More retailers and states are instituting mask requirements, but tensions are mounting for people who see the rules as infringements.

Credit…Dustin Chambers for The New York Times

As images of people wearing surgical masks flashed across the screen, Morgan Freeman’s deep, soothing voice delivered a message to America: “When you wear a mask, you have my respect. Because your mask doesn’t protect you, it protects me.”

Using familiar actors, stirring background music and the arresting eyes of people peering out above their masks, a broad national ad campaign unveiled on Thursday by New York State, once the center of the coronavirus pandemic, aimed to educate people about how covering their mouths and noses could save lives.

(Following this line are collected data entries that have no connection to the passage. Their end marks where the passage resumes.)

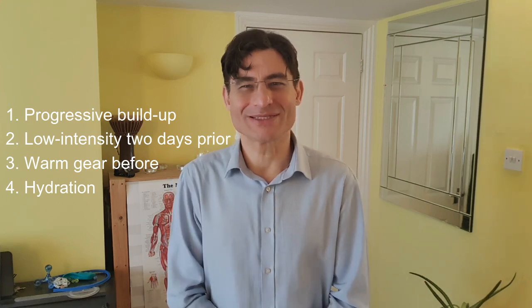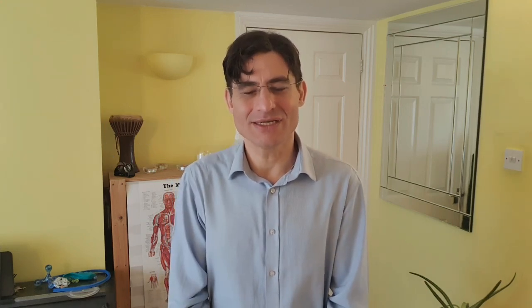Just to cut to the chase: this video covers training well in advance, doing some light training a couple of days before, wearing extra warm gear immediately before exercise, and hydration. Those are the key points. Let's take these in turn and start with what DOMS actually is.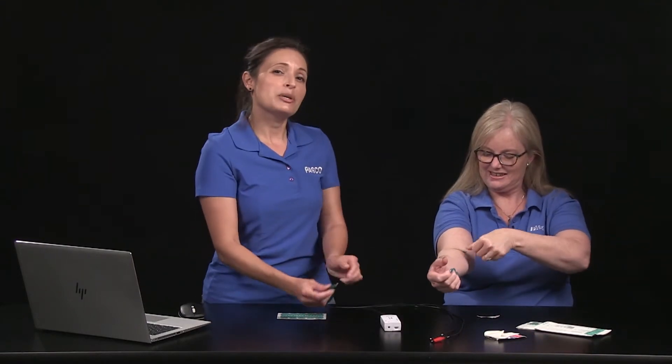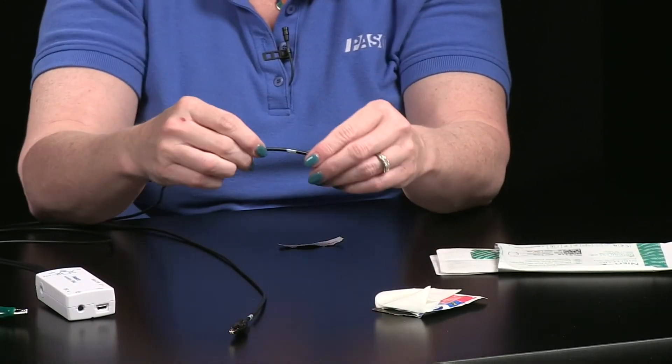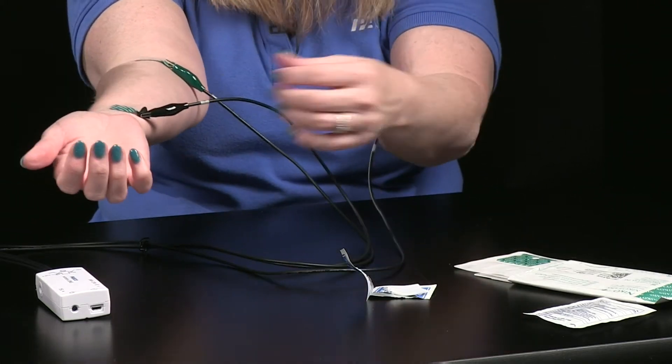One patch is placed at the left forearm just below the elbow. Another patch is placed just below the elbow on the right forearm, and another at the right wrist. If necessary, pull the plastic alligator clip cover back to fully expose the grip area. Clip the red electrode marked positive to the electrode patch on the left side. Clip the black ground electrode marked R to the right wrist patch, and clip the green electrode marked negative to the right forearm patch.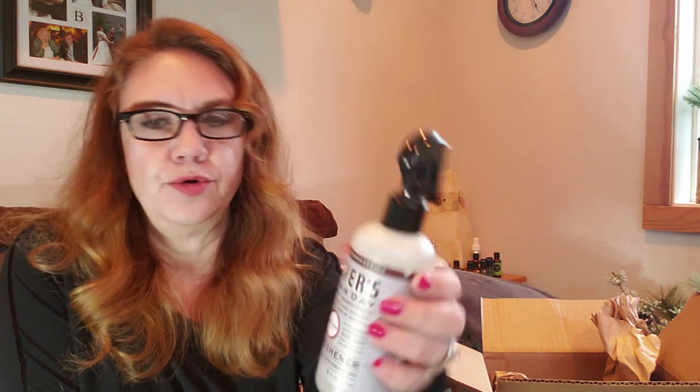This is the Mrs. Meyers Clean Day room freshener in the lavender scent — I was referring to this earlier. I'm not super excited about it, and again, I really do like lavender. I probably won't reorder it, although I have seen other people haul it who absolutely love it, so it's a personal preference thing. If you like lavender, try it out — I don't want to discourage anyone from trying it.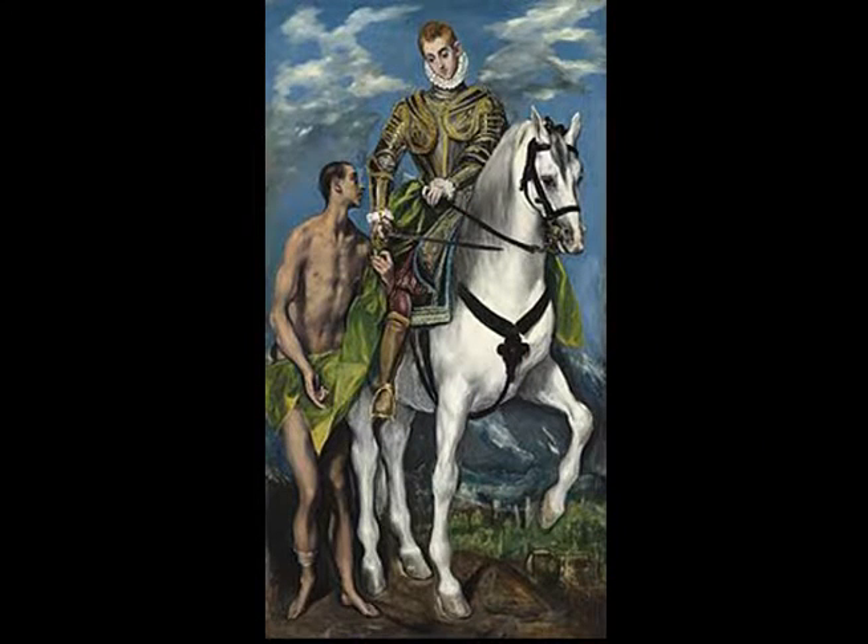The next piece is St. Martin and the Beggar. The first thing is the man is almost as tall as the horse, and the horse is very large. It looks very stretched, as if they just took the ends of the picture and pulled it a bit. The torso is like two-thirds of his body, and then his legs are only a third, and it's just very awkward looking.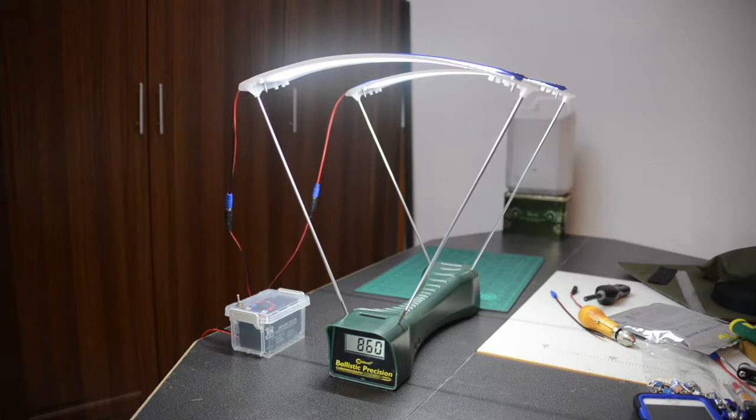Beautiful! Look at that — 860. No misreads. 868. Reading like a charm. I like it a lot. Let's do a bit of adjustments here, get the speed down. Let's see what she does on power setting 2.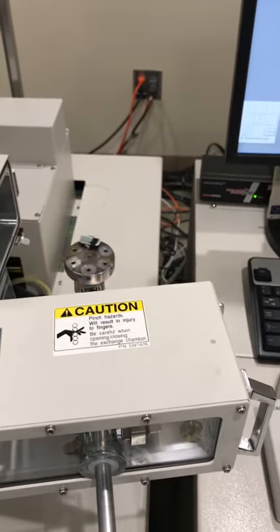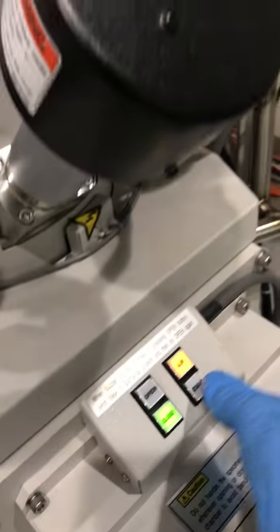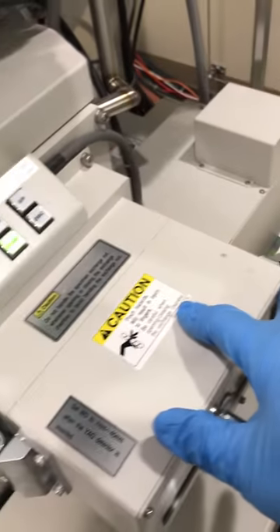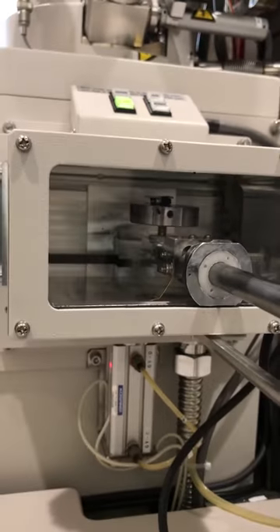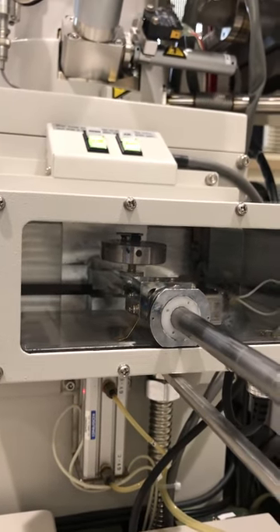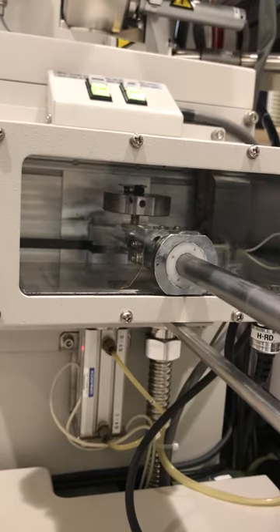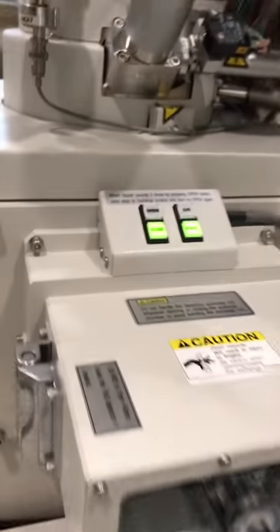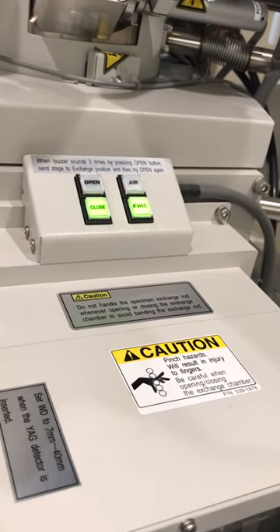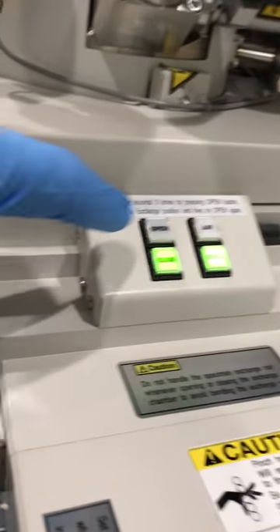Pull the rod back, close the door, and evacuate the chamber — we are now evacuating. There is a door that provides access to the main chamber; right now that door is closed. I'm waiting for the evac button to become solid. I hear the beep sound — it's solid now.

That it was needed at all — six months since the virus was first detected in the United States — speaks to the lingering fight about the use of masks. At local government meetings and in the checkout lines of big-box stores, Americans continue to wrestle over one of the simplest methods that health officials recommend for stopping the spread of the virus.

A tidal wave of new mask requirements has been issued in the last few days, amid surging cases in many regions, including more than 75,000 new coronavirus cases across the country on Thursday, the most in a single day. Face coverings will be required at stores like Walmart, Target and CVS, and in a growing number of Republican-led states where governors once resisted such mandates.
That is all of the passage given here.